How does your research engage with the larger community and social partners?
As mentioned above my research collaborates with a multiplicity of stakeholders. Prior to beginning my program, I was already connected with both grassroots and E.N.G.O. circles due to working for a nature protection non-profit for several years. However, through my Co-Op placement, I'm now working with former loggers and labour union folks from the International Woodworkers of America, which means my research is becoming more balanced and I'm more connected to groups such as the B.C. Labour Heritage Centre. I was also in the process of building relations with two First Nations that were deeply involved in forest conflicts, however precautions surrounding COVID-19 has meant those relationships have now been put on hold.
Why did you decide to pursue a graduate degree?

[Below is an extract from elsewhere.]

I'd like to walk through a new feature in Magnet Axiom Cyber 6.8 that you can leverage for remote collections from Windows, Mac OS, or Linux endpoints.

When I first applied to the PhD program, I suppose I was still enamored with the possibility of working as a tenured researcher and lecturer. I also wanted to challenge myself, and in particular was fascinated with my research subject. Having worked in the E.N.G.O. world for several years, I had heard many a tale about “The War in the Woods”, and indeed came to realize that the conflict surrounding forestry in the 80s and 90s had incredible historical and contemporary significant. The events I research and write about were responsible for the explosion in size and influence of the E.N.G.O. industry, were an important vehicle in the ascendance of Indigenous rights movements, and also played a part in the utter decimation of organized labour in B.C. in the 1980s and 1990s. The significance of these events also makes it double important that my research finds an audience beyond the academy, hence why I am honored to be a part of both the Public Scholars Initiative and the Arts PhD Co-Op Program.
Why did you choose to come to British Columbia and study at UBC?

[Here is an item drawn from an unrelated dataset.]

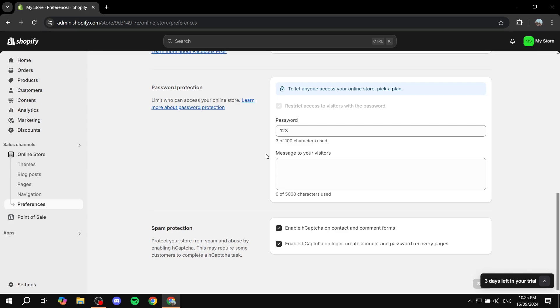So with that, this is pretty much how to put your store on vacation. Hopefully you found this video to be helpful. And thanks for watching.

I was most fortunate to receive offers from several PhD programs across North America but, in the end, it was an easy choice. My supervisor Tina Loo is probably the leading expert in the history of environment and environmentalism in Canada, and the UBC History department is also incredibly strong in that area. I also wanted to stay residing in these lands as to stay better connected with the multitude of environmental and Indigenous movements that have been percolating here over the last decade or so. The idea of researching and writing “in place” is also very important to me, and hence the attraction of living in the locale and being connected over the long term with the communities I’m collaborating with and the land I’m writing about. Finally, to be very real, UBC offered me the most competitive funding package of any other program I received an offer from.